George Lucas Educational Foundation
Professional Learning

National EdTech Plan: Putting Students Front and Center

Students have valuable input when it comes to integrating technology in education.

January 12, 2005

The new national educational technology plan highlights the Maine and Henrico County, Virginia, laptop initiatives as models other K-12 schools should consider following.

Credit: Edutopia

What impressed many of those awaiting the release of the National Education Technology Plan was that the real experts -- young people for whom technology is a dominant part of their everyday lives -- were consulted.

"Hire more people to keep the computers running, give us more bandwidth and less firewall, enable hookups from home, give the teachers more training and give us more computer classes," suggested one student. "Students should have laptops to do everything in class," said another. "We can type our homework, schoolwork, copy notes. We should not have to carry heavy books all day long and bring all of our books home." Added a third: Schools "could give technology classes to students and teachers because our teachers are falling behind the students, as they aren't good with computer programs and software."

Including the voices of the students drew high praise.

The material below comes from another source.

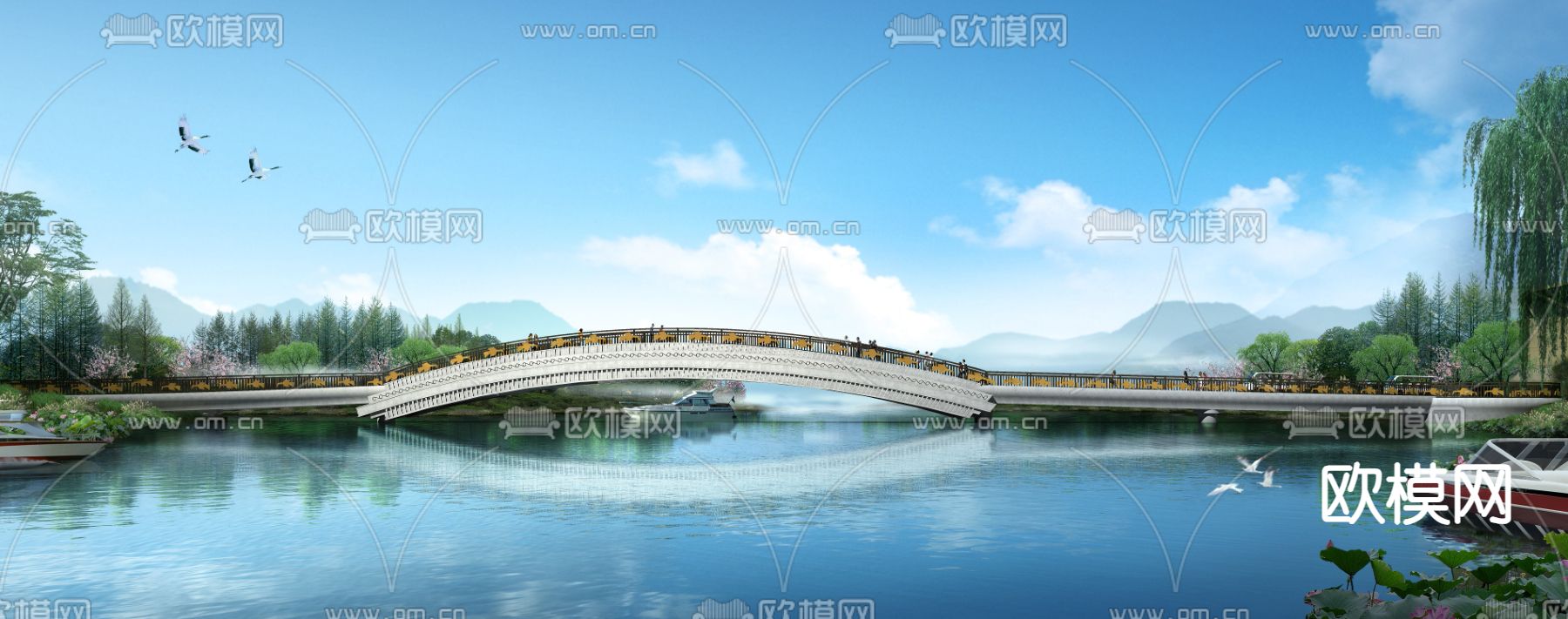 新中式桥梁 景观桥3d模型下载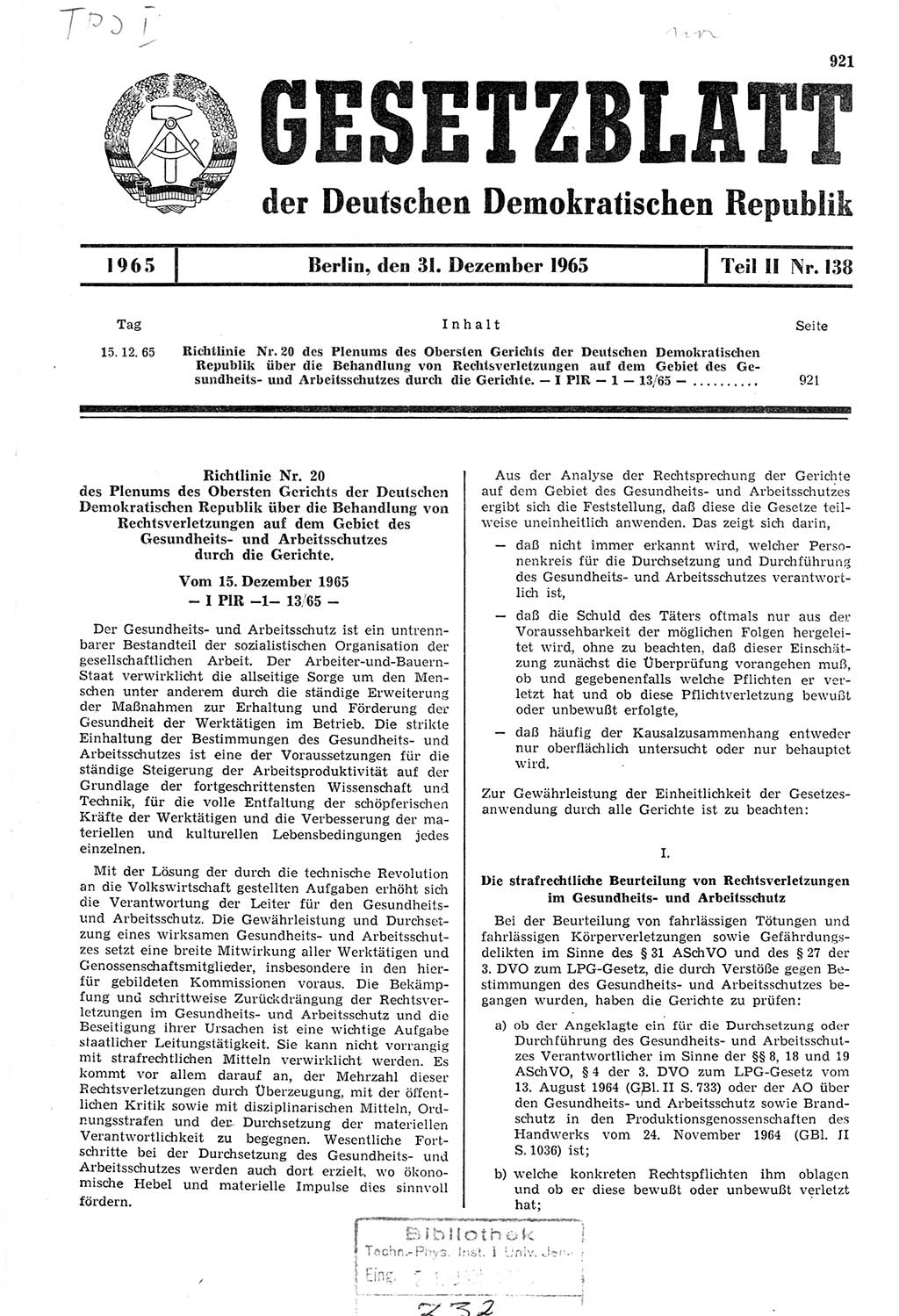 Gesetzblatt (GBl.) der Deutschen Demokratischen Republik (DDR) Teil ⅠⅠ 1965, Seite 921 (GBl. DDR ⅠⅠ 1965, S. 921)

"It's very compelling," says Linda Roberts, director of the Office of Educational Technology during the Clinton administration. "You get the sense that they are really using technology and the Web and are adroit in terms of what they know and can do." Dan Pullen, state director of educational technology for North Dakota, agreed. "The report made a real effort to speak to the issues raised by the voice of the generation that's now in our schools."

The seventy-two-page report (plus vast Web offerings) very much addresses the concerns of students, whose observations were culled from a NetDay survey of almost 400,000 kids. Those issues include more computer and Internet access, better teacher training, less reliance on textbooks, and the need for ongoing maintenance and updates. As outgoing U.S. education secretary Rod Paige observed, "Education is the only business still debating the usefulness of technology. Schools remain unchanged for the most part, despite numerous reforms and increased investments in computers."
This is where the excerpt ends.